Regarding the theme and the lyrics, Gustavo Cerati once said:

The first thing I always write is the chorus, which here was: "de aquel amor de música ligera" ("of that love of light/fast music"). The lyrics talk about music itself: "She slept in the heat of the masses and I woke up wanting to dream of her." That's it, it's the music talking! Between us, we felt and knew that this song was going to explode. Sometimes you feel that. And because of the way it came out so instantly, it was as if ten thousand groups had played it before. Perhaps it was not like that... ten thousand groups played it after!
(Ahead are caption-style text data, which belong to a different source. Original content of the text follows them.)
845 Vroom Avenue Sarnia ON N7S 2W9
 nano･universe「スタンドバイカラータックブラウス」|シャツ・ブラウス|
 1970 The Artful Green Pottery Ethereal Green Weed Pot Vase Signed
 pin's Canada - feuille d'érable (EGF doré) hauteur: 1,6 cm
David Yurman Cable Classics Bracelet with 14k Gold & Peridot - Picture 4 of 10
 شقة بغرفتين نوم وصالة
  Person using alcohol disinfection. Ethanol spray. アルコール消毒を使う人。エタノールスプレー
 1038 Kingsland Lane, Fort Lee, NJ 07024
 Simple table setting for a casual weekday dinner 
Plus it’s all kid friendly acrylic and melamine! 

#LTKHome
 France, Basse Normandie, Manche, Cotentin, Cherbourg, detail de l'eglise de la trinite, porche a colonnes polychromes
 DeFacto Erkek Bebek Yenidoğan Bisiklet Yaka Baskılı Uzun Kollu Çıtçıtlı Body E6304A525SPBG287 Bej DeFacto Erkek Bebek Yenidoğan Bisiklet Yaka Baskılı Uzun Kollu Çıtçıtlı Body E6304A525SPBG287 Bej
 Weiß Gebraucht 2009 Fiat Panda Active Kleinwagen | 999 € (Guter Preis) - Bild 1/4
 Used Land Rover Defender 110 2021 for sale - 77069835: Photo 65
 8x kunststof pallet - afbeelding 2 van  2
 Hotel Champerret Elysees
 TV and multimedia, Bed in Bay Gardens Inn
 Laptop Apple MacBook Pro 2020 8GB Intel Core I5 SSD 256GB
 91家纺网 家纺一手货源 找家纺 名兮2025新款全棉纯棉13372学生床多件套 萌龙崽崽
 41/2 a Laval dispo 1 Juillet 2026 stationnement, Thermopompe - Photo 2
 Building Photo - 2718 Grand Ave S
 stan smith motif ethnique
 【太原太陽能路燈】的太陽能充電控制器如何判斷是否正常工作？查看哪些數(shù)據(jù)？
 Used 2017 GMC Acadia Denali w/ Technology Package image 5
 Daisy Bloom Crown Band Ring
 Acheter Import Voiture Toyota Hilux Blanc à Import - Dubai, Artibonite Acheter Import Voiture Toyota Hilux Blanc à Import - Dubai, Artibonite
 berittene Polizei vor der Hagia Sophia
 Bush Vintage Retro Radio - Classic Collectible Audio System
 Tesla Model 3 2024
The song has been widely played by hundreds of bands, in different octaves and variations.

== Music video ==
The accompanying music video to the song was directed by Alfredo Lois and shows the band performing the song behind a colorful background

==Charts==

| Chart (2014) | Peak position |
|---|---|
| US Latin Digital Song Sales (Billboard) | 18 |

==Certifications==

| Region | Certification | Certified units/sales |
| Mexico (AMPROFON) | 4× Diamond+Platinum+Gold | 1,290,000^{‡} |
| Spain (Promusicae) Remastered Version | Gold | 30,000^{‡} |
^{*} Sales figures based on certification alone. ^{‡} Sales+streaming figures based on certification alone.